L’incontro tra i due leader è avvenuto a Ahmedabad, nello Stato del Gujarat, di cui Modi è stato primo ministro tra il 2001 e il 2014 facendolo diventare uno dei gioielli del “miracolo economico” indiano; il modello gujarati è basato sugli incentivi agli investimenti dei capitalisti stranieri fra i quali spicca il via libera a violare le leggi a tutela dei lavoratori e dell’ambiente. Musica per le orecchie dei capitalisti cinesi che potranno sentirsi come a casa loro. Secondo la rivista Forbes, Ahmedabad è stata nel 2010 la terza metropoli al mondo per rapidità di crescita economica, dopo le cinesi Chengdu e Chongqing e l’Economist ha soprannominato il Gujarat il “Guangdong indiano”, paragonandolo a una delle regioni alla base del “miracolo economico” cinese. Miracoli costruiti sul supersfruttamento dei lavoratori e sul mancato rispetto dell’ambiente; non è un caso quindi che i due leader abbiano boicottato il vertice Onu sul clima a inizio settembre.
Secondo fonti indiane Xi e Modi avrebbero affrontato a porte chiuse, con promesse di risolvere rapidamente, la questione della contesa aperta sulla posizione della Line of actual control (Lac, nella sigla inglese), la linea di confine che separa ufficialmente e provvisoriamente Cina e India lungo la catena himalayana. Altri temi sono attualmente più importanti nelle due capitali.
La visita di Xi in India è avvenuta a meno di due settimane dalla conclusione di quella di Modi in Giappone che era stata salutata come un evento importante per il consolidamento dell’asse Delhi-Tokyo quale diga all’avanzata delle ambizioni egemoniche regionali e non solo di Pechino. Un asse basilare della politica dell’imperialismo americano di contenimento in Estremo oriente della principale concorrente imperialista. Senza contare che la Cina è alleata del Pakistan, il vicino antagonista dell’India.

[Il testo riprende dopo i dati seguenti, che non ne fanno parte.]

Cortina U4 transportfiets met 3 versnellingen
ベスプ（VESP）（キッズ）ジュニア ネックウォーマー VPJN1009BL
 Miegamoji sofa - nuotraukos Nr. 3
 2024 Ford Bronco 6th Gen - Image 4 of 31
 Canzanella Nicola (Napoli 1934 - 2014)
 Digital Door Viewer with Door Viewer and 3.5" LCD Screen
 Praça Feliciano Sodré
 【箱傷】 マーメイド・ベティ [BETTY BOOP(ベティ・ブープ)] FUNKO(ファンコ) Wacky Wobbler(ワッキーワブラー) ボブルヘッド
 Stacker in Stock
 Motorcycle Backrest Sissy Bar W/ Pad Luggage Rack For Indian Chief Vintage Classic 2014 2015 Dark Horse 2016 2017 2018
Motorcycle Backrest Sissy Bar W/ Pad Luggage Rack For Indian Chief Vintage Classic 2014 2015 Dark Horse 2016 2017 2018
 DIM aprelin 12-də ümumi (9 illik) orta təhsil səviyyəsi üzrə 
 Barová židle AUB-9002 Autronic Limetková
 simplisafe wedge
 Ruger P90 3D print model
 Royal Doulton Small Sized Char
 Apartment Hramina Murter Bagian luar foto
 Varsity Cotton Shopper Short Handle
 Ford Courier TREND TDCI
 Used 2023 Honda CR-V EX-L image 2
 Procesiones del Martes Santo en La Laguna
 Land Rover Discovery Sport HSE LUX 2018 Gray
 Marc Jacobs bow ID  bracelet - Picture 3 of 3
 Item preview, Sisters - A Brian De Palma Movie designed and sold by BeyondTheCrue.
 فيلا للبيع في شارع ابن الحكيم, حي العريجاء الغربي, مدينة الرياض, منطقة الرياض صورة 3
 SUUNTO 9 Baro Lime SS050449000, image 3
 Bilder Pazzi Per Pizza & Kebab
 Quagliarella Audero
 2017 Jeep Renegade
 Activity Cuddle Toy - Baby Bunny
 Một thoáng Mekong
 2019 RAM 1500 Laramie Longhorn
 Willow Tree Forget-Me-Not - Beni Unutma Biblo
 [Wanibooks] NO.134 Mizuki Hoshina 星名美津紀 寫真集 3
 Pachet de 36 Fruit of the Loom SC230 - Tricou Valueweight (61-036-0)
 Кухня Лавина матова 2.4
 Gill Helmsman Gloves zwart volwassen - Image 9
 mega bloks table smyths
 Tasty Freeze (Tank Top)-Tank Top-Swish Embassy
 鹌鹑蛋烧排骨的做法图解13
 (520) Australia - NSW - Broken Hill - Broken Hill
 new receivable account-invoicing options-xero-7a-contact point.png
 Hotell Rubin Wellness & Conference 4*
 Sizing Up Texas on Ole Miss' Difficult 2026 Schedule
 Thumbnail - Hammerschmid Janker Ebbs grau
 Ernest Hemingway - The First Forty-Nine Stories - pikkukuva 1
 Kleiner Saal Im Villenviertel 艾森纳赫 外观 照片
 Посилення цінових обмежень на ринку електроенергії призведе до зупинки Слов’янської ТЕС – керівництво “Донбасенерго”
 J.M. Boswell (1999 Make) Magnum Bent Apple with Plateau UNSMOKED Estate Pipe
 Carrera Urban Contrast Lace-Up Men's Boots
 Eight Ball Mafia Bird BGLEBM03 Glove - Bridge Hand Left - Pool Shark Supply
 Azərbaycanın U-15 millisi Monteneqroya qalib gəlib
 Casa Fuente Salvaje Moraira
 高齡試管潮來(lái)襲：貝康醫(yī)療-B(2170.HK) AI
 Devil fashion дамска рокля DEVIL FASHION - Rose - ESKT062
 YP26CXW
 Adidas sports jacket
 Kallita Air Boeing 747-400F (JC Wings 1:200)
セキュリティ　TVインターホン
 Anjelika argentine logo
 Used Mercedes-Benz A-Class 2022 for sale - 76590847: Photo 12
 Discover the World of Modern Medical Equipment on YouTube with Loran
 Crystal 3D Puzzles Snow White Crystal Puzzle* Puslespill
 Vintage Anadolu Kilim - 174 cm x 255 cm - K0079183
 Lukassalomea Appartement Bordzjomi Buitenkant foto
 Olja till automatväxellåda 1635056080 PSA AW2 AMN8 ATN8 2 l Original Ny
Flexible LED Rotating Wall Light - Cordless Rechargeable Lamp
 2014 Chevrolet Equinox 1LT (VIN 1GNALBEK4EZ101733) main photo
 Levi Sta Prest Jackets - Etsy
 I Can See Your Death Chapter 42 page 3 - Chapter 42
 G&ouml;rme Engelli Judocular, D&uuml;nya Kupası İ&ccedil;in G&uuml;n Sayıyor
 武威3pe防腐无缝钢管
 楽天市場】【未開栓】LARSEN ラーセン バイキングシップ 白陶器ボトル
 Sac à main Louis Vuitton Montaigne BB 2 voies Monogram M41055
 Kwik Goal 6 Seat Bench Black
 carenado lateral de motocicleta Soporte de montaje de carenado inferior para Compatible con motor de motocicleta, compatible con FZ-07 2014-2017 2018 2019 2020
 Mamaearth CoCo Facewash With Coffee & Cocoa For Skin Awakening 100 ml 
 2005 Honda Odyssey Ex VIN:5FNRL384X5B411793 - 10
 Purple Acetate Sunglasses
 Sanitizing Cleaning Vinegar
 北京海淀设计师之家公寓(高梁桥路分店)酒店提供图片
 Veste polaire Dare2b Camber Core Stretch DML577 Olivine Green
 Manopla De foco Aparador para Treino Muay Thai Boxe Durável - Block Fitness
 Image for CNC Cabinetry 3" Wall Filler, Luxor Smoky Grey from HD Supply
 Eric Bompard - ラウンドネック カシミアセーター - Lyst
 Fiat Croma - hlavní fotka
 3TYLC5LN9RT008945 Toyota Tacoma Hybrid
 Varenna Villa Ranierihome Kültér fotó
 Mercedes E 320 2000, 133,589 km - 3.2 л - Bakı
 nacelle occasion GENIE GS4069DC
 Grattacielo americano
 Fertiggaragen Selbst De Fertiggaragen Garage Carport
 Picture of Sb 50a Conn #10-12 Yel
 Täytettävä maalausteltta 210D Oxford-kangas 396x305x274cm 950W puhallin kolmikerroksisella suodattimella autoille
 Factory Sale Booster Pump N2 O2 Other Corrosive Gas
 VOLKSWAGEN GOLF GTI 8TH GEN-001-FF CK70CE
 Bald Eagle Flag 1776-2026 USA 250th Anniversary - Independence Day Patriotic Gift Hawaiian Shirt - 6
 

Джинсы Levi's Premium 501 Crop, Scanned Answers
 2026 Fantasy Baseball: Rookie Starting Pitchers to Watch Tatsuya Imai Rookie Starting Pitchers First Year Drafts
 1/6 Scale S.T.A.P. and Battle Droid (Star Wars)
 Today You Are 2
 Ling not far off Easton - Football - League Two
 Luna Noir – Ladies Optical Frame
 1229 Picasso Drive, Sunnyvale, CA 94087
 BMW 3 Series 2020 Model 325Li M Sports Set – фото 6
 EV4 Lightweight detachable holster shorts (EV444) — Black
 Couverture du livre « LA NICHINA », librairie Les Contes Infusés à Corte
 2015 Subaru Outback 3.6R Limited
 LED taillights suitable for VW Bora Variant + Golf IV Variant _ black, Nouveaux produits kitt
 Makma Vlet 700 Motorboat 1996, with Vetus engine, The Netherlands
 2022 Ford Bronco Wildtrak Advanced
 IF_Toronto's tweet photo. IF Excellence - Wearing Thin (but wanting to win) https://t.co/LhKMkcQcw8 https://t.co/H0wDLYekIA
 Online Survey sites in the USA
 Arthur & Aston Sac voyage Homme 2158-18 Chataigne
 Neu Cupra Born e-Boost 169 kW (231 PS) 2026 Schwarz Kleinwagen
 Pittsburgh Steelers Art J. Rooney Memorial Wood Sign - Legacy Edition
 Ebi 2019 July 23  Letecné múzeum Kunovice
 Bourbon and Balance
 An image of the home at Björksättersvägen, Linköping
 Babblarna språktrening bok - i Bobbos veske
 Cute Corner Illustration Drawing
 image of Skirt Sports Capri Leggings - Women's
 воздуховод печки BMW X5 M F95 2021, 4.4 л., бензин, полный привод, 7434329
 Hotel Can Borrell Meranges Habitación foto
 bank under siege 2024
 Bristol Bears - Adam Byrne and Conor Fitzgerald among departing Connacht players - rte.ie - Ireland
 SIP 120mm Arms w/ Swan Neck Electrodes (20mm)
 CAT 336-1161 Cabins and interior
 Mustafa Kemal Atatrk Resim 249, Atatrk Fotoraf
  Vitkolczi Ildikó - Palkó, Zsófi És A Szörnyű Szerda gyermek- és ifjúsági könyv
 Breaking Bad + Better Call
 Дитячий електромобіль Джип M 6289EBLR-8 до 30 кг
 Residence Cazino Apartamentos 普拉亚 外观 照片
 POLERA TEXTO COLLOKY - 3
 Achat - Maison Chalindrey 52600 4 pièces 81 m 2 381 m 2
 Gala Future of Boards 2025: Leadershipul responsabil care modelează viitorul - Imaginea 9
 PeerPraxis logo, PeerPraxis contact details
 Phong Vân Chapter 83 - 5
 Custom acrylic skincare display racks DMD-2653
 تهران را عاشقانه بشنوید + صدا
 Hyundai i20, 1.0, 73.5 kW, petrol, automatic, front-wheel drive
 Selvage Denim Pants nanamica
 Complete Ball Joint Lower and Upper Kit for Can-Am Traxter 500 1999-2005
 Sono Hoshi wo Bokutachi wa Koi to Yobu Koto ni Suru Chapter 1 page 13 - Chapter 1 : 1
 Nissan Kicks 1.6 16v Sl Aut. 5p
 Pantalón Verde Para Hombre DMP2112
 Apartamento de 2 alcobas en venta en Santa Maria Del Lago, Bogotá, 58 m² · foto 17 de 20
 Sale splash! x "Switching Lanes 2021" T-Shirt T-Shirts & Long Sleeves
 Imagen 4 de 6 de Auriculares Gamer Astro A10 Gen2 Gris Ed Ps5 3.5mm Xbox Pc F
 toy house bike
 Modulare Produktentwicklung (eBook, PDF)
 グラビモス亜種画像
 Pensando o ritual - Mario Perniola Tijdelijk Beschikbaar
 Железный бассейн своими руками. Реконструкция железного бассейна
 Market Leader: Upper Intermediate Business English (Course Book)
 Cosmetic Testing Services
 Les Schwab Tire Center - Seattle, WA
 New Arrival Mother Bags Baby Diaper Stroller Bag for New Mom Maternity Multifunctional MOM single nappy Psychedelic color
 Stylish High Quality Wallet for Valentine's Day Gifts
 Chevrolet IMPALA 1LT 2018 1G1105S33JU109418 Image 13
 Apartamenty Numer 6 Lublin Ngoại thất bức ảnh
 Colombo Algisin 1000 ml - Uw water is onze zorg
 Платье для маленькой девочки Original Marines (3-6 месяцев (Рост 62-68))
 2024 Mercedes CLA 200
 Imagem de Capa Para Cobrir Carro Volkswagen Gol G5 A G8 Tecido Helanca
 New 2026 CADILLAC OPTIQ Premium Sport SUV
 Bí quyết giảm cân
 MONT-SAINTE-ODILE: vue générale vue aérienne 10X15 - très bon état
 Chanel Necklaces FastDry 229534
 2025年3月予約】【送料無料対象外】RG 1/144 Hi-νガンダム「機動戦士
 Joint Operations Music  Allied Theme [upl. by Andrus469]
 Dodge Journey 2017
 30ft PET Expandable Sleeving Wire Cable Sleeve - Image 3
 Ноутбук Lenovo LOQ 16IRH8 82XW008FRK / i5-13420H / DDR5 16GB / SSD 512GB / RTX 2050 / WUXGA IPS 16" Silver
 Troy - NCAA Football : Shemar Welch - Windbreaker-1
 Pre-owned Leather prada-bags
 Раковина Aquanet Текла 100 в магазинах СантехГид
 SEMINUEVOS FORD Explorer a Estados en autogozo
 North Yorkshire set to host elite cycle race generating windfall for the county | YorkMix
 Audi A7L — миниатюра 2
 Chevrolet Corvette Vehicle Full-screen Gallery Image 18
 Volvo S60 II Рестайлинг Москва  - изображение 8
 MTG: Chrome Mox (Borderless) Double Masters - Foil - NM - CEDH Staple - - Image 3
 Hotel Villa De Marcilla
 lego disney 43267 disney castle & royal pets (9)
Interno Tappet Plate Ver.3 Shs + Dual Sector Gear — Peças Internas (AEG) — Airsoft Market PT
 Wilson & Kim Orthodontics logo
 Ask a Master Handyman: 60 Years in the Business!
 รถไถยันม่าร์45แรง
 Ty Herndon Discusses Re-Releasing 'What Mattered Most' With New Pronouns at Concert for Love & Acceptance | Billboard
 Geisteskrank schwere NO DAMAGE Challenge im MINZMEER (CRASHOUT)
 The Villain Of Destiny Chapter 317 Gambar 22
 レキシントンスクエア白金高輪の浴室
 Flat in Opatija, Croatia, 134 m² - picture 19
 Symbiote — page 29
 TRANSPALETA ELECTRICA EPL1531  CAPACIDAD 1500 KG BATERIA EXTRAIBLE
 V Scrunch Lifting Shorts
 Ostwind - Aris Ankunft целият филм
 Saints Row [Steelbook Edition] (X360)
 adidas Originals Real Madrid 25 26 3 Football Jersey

Cina e India hanno anche progetti economici e egemonici concorrenziali. Delhi sta sviluppando il progetto Mausam che dovrebbe fare dell’India il fulcro del commercio marittimo nell’Oceano Indiano, per controllarlo, tra i paesi dell’Africa Orientale, la penisola arabica e il Sud Est Asiatico; Pechino è impegnata nello sviluppo della Silk road economic belt, la cosiddetta nuova via della seta che segue le orme delle rotte commerciali che anticamente collegavano la Cina all’Europa e si compone di un percorso terrestre e uno marittimo. Il secondo parte dalle coste cinesi e passa dai porti indiani per approdare nel Mar Mediterraneo. Ha bisogno di un’intesa con Delhi e se la può giocare dall’alto della sua supremazia economica.
A Tokyo, dal vertice col primo ministro Shinzo Abe, Modi ha portato a casa accordi che prevedono investimenti nel suo paese pari a 37 miliardi di dollari nei prossimi 5 anni, 17 in più di quanto stabilito con la Cina di Xi. Pare evidente che Modi pensi a giocare una partita anche per conto proprio, per dare all’emergente imperialismo indiano un ruolo di peso almeno nel continente asiatico e per questo non può prescindere da accordi con il vicino cinese. Che gli possono aprire numerose porte; la prima è quella della Shanghai Cooperation Organization (Sco), l’organizzazione regionale della quale fanno parte Cina, Russia, Kazakhstan, Kyrgyzstan, Tajikistan e Uzbekistan. L’India ha lo status di osservatore e recentemente ha ufficializzato la richiesta di diventarne membro permanente; una richiesta che Xi nell’incontro a Ahmedabad ha promesso di sostenere.